To perform a KNN vector query in SQL, create a search index for the data table, create a mapping table for the search index, and then execute SQL statements. Procedure:

  1. Create a search index and configure a Vector field. For more information, see Use search indexes in the Tablestore console and Use Tablestore SDKs.

    Note

    If no Vector field is specified in the search index that you want to use, you can modify the schema of the search index to configure a Vector field. For more information, see Dynamically modify the schema of a search index.

    • The following figure shows how to create a search index in the Tablestore console.

      In this example, a search index named vector_query_table_index is created. The search index consists of the col_vector field of the Vector type and the col_keyword field of the String type. The col_vector field of the Vector type is mapped to the col_vector column of the String type in the data table.

      image

    • The following figure shows the schema of the search index.

      image

  2. Create a mapping table for the search index. For more information, see Use the SQL query feature in the Tablestore console and Use Tablestore SDKs to use the SQL query feature.

    1. In this example, a mapping table named vector_query_table__vector_query_table_index is created for the search index.
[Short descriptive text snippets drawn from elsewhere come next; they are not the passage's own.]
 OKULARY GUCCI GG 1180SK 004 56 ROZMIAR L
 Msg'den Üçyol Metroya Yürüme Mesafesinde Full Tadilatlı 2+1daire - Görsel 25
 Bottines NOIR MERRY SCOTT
The data type of the field to which the Vector field named col_vector in the mapping table mapped is MEDIUMTEXT in SQL. For more information, see Create mapping tables for search indexes.
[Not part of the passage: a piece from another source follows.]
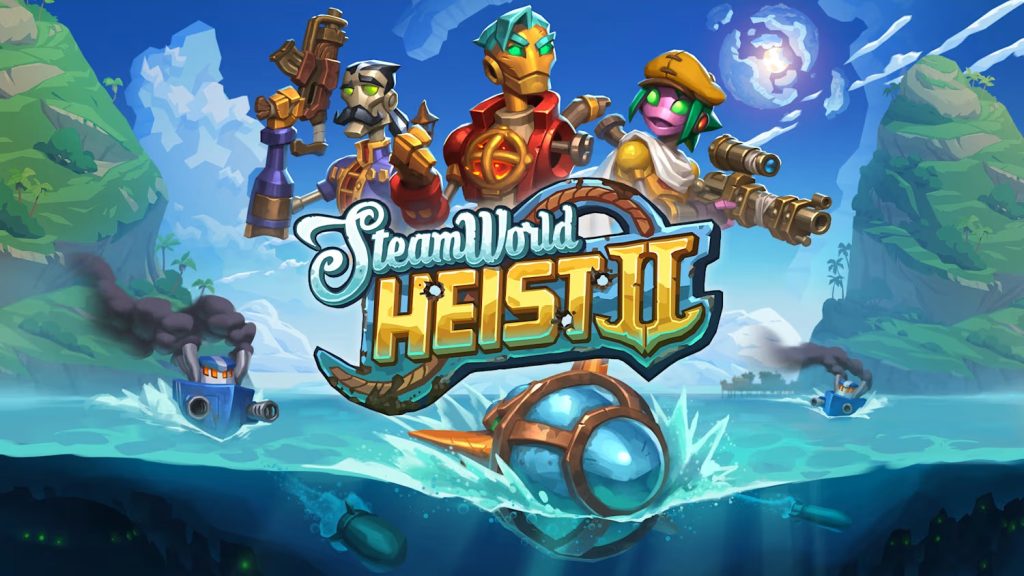 SteamWorld Heist II Switch ROM Download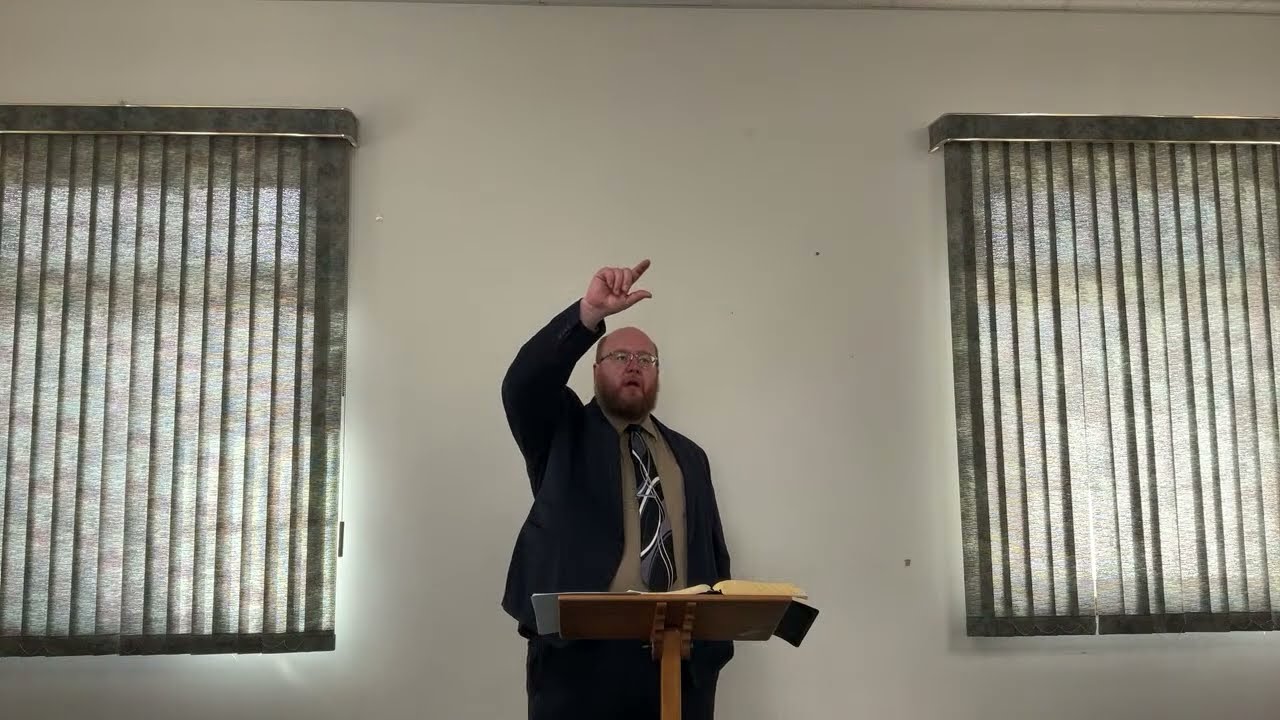 Whitfield Harrington and the Wages of Unrighteousness | Brother Jim Wiebe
      You can execute the following sample SQL statement to create the mapping table:

      CREATE TABLE `vector_query_table__vector_query_table_index`(
          `col_vector` MEDIUMTEXT,
          `col_keyword` MEDIUMTEXT
      )
      ENGINE='searchindex',
      ENGINE_ATTRIBUTE='{"index_name":"vector_query_table_index","table_name":"vector_query_table"}';
    2. (Optional) After you create a mapping table for the search index, you can perform the following operations based on your business requirements.
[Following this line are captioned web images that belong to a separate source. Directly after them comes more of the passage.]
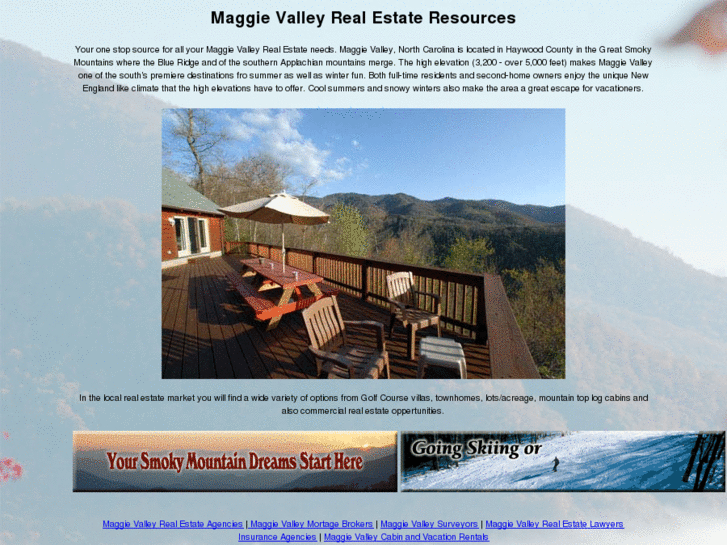 www.maggievalleyrealestateresources.com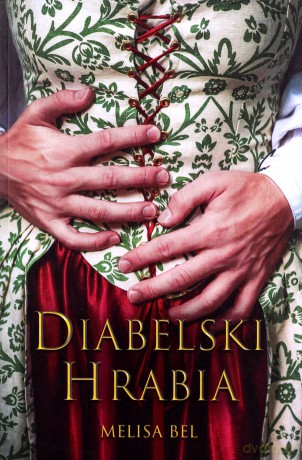 Diabelski Hrabia - Melisa Bel [KSIĄŻKA]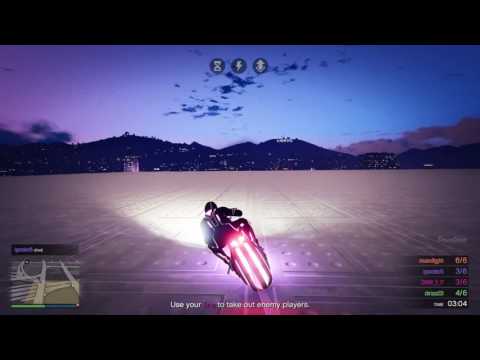 Grand Theft Auto V deadline part 2
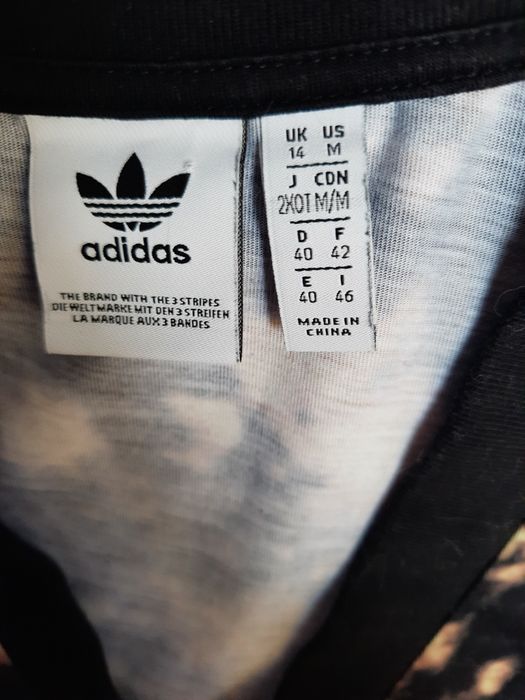 Дамска тениска Adidas, размер М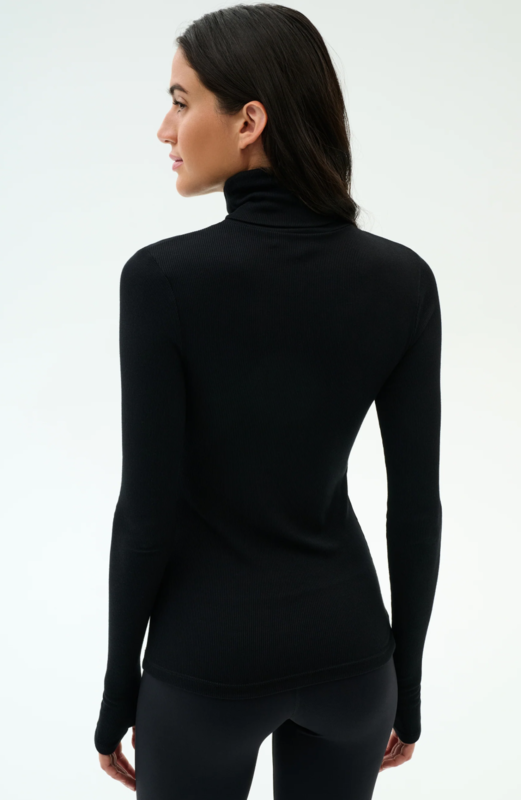 Splits59 Lennon Rib Turtleneck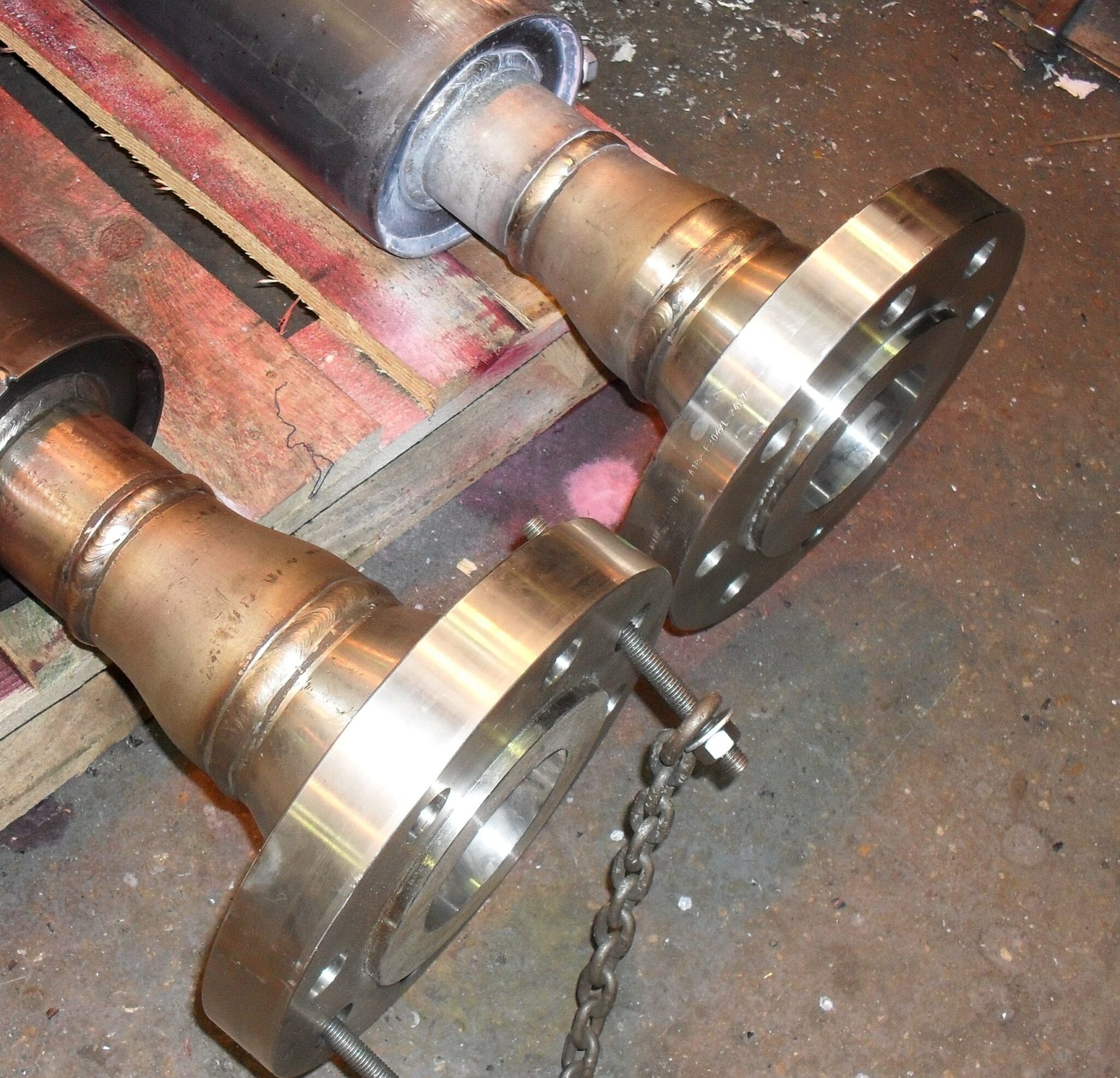 Precision Engineering Buckinghamshire Millwright Engineering Ltd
      Query information about a table

      Execute the following SQL statement to query information about the mapping table for the search index:

      DESCRIBE vector_query_table__vector_query_table_index;

      The following figure shows the query results.

      image

      Query data in a table

      Execute the following SQL statement to query data in the mapping table for the search index:

      SELECT * FROM vector_query_table__vector_query_table_index;

      The following figure shows the query results. For example, the vector_query_table__vector_query_table_index mapping table for the search index contains 10 rows of data.

      image

  3. Perform a KNN vector query to query data. For more information, see Query data.

    The following sample SQL statement provides an example on how to query the top 5 values in the col_vector column that have the highest similarity to [1.5, 2.0, 2.5, 1.7] and display the relevance scores of the query results:

    SELECT *,SCORE() FROM vector_query_table__vector_query_table_index WHERE VECTOR_QUERY_FLOAT32(col_vector, "[1.5, 2.0, 2.5, 1.7]", 5) limit 5;

    The following figure shows the query results.

    image

Limits

  • You can use the VECTOR_QUERY_FLOAT32 function only when you query data by using a mapping table that is created for a search index.

  • When you use the VECTOR_QUERY_FLOAT32 function, you must use the LIMIT clause. You cannot use the HAVING clause.

  • The VECTOR_QUERY_FLOAT32 function can only be used as a WHERE clause of a SELECT statement but cannot be used as a column expression of the SELECT statement, as an aggregate function, or for grouping or sorting.

  • You must use the SCORE() function together with the VECTOR_QUERY_FLOAT32 function. You cannot use the SCORE() function separately.

  • The SCORE() function can only be used as a column expression of a SELECT statement. It cannot be used as a WHERE clause of a SELECT statement, as an aggregation function, or for sorting.